Managing a Treasury Career in a Recession

Over the past 18 months the role of the corporate treasurer has come to the fore and its profile within the business community has likewise been raised. This is because many companies have had to manage their working capital much more closely and funding has become a crucial part of the treasurer’s role. However, this hasn’t made treasurers immune to the difficulties of career management and progression facing all professionals in a post-recession climate.

Those with experience in corporate treasury in the UK have, historically, had the benefit of working in what was considered to be a growing profession with a relatively limited number of experienced practitioners. This has given career-minded individuals the opportunity to leverage their skill set. Understanding the war for talent in this sector, employers have traditionally been careful to look after their treasury function, offering strong remuneration packages compared to their peers in other corporate functions. However, as the economic climate shifted, business confidence has plummeted.

Because of this, business focus has switched to ‘fire-fighting’ and therefore less attention has been given to longer-term planning and staff development. Headcounts have been frozen across many companies and individuals pressured to deliver on day-to-day operations, leaving less time to be spent on larger projects. Promotional and pay freezes has also been implemented and bonuses with a ‘company performance’ element have been reduced. This has led to a number of people looking for external job opportunities in order to drive their own career progression. It is worth noting, however, that redundancies within treasury teams (other than for reasons of offshoring) have remained low.

For those looking to take the next step on the career ladder by moving on it is worth noting that employers are being much more specific about the skills they require. They want to get more value from their spend and are far more conscious of non-essential spend. This naturally translates to the recruitment process. Employers want to attract candidates that are able to ‘hit the ground running’ as there is less time available for training; times of economic uncertainty are not favourable for those looking to dramatically change their scope of responsibilities or use their transferable skills to move into a different field. Requests for knowledge of specific systems have increased and technical accounting experience is more highly sought after than it was a year ago.

Professional qualifications, typically in accounting or treasury, are still required. Gaining your Associate Membership of the Association of Corporate Treasurers (AMCT) diploma in treasury is beneficial, and the Membership of the Association of Corporate Treasurers (MCT) advanced diploma is increasingly seen as highly advantageous. Accounting qualifications are highly sought after and for some professionals, broader commercial awareness can be developed upon through an MBA. Increasingly, those with knowledge of specific systems, particularly treasury management systems (TMS), e.g. IT2, eTC, are being sought for roles. Candidates that have experience in implementing systems are also in demand.

More and more employers are requesting candidates that have very specific competencies. There is more frequently a request for influencing skills and a bachelor’s or postgraduate degree, indicating that companies are seeking to attract a higher-calibre individual. Key reasons behind these changes are that employers are aware that there is a broad pool of potential candidates with the relevant experience and are therefore looking to drill down further in their specifications and be much more rigorous about their shortlist.

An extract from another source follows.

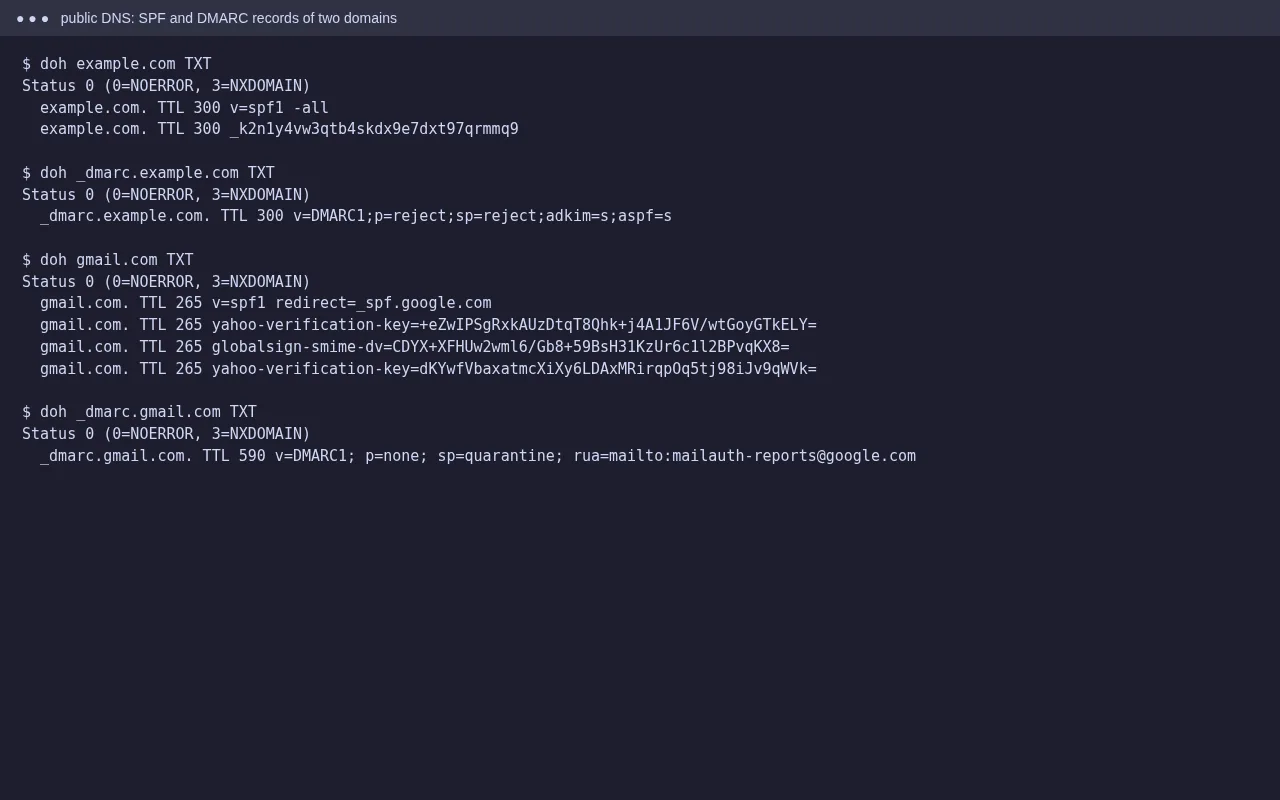 Public DNS lookups showing SPF and DMARC TXT records for example.com and gmail.com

For those that have decided that career progression will mean moving jobs, it is no longer enough to send out your CV and hope for the best. Every skill and example of experience given will be scrutinised against the job competencies. In order to secure your next role, it is crucial to demonstrate exactly why this company needs you above anyone else. Ensure that the CV and cover letter are as appropriate as possible. This means that you will often benefit from not initially sending your CV but contacting the recruiter and either requesting a fuller job description or having a conversation about the role in more detail. This initial conversation may also highlight that you are not the right person for the job but gives you an opportunity to introduce yourself to the recruiter and, in the case of third party recruitment consultants or internal recruiters that look after large treasury teams, to explore the possibility of other opportunities either now or in the future that could be a better fit.

Treasury professionals looking to progress within the same company need to be seen to be taking on extra responsibilities wherever possible. It is also crucial to add new skills where relevant. Often a secondment to another department will help you to do this. Continuing to develop your professional network will also stand you in good stead.

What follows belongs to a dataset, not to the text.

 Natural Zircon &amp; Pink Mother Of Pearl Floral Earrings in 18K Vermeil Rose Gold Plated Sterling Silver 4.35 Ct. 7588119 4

  • Career management has increasingly become about what you can do to excel yourself.
  • There are still interesting opportunities for those looking to develop their career in treasury.
  • Candidates need to be a closer fit to the roles than previously.
  • Spend more time on your job application, specially highlighting relevant experience on your CV.
  • Take on extra responsibilities and ‘upskill’ within your job.
  • Update your CV regularly. It is impossible to remember all of the successes you have had within a role. Keeping a record of them will ensure that you can easily refer back to relevant examples when the time comes to find a new role.